Tetapi apakah Amerika Serikat benar-benar luar biasa?

Setiap negara istimewa

Memang, pada tingkat dasar, tentu saja. Setiap negara percaya bahwa situasinya berbeda. Orang Rusia berbicara tentang mereka "Keistimewaan." Orang Cina bersikeras pada mereka "keunikan." Orang India sudah lama mencatat kompleksitas yang tidak biasa politik mereka.

Di luar ini, gagasan tentang exceptionalism Amerika tidak bertahan. Penelitian saya menunjukkan bahwa itu juga menghalangi kemampuan negara untuk berpikir jernih tentang tantangan di depan.

Exceptionalism memiliki dua aspek. Salah satunya adalah gagasan bahwa Amerika Serikat, sejak didirikan, telah memiliki ambisi yang berbeda - sebuah "misi mesianis"Untuk mempromosikan kebebasan dan demokrasi.

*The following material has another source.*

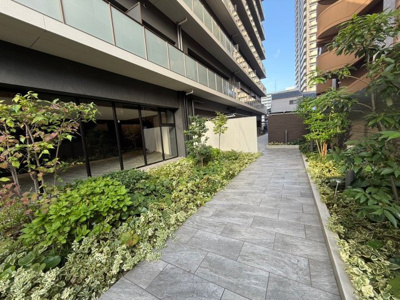 【エントランス】 | GRAND VILLASSE 福島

Dengan sendirinya, memiliki misi nasional tidak biasa. Kekaisaran Eropa abad 19th juga didorong oleh ambisi besar. Orang Prancis berbicara tentang misi mereka untuk membudayakan dunia. Inggris mempromosikan "cita-cita Inggris" seperti kebebasan dan supremasi hukum. Mereka bahkan berjanji pada akhirnya pemerintahan sendiri untuk koloni - ketika London memutuskan bahwa koloni siap untuk itu.

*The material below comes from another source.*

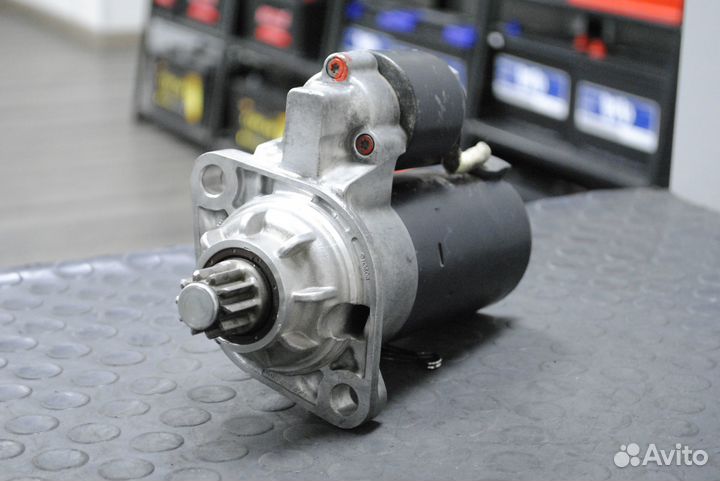 Стартер VW Bora, Golf 4, Skoda Octavia 1.9 TDi б/у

Praktek Amerika tidak sepenuhnya berbeda. Para pemimpin negara itu menyatakan misi mereka membudayakan benua. Mereka memperoleh wilayah, sering dengan paksa, dan kemudian memutuskan apakah orang-orang siap untuk memerintah diri mereka sendiri. Pemberdayaan Afrika-Amerika, Hispanik-Amerika, penduduk asli dan imigran tertunda karena mereka dianggap oleh mayoritas Anglo-Saxon putih menjadi "tidak cocok untuk pemerintahan sendiri. "

Dan Amerika Serikat juga merupakan kekuatan penjajah. Misalnya, ia menduduki Filipina pada paruh pertama abad 20, berusaha memperkenalkan “Peradaban Amerika"Dan lagi menunda pemerintahan sendiri karena orang Filipina dinilai tidak siap untuk itu.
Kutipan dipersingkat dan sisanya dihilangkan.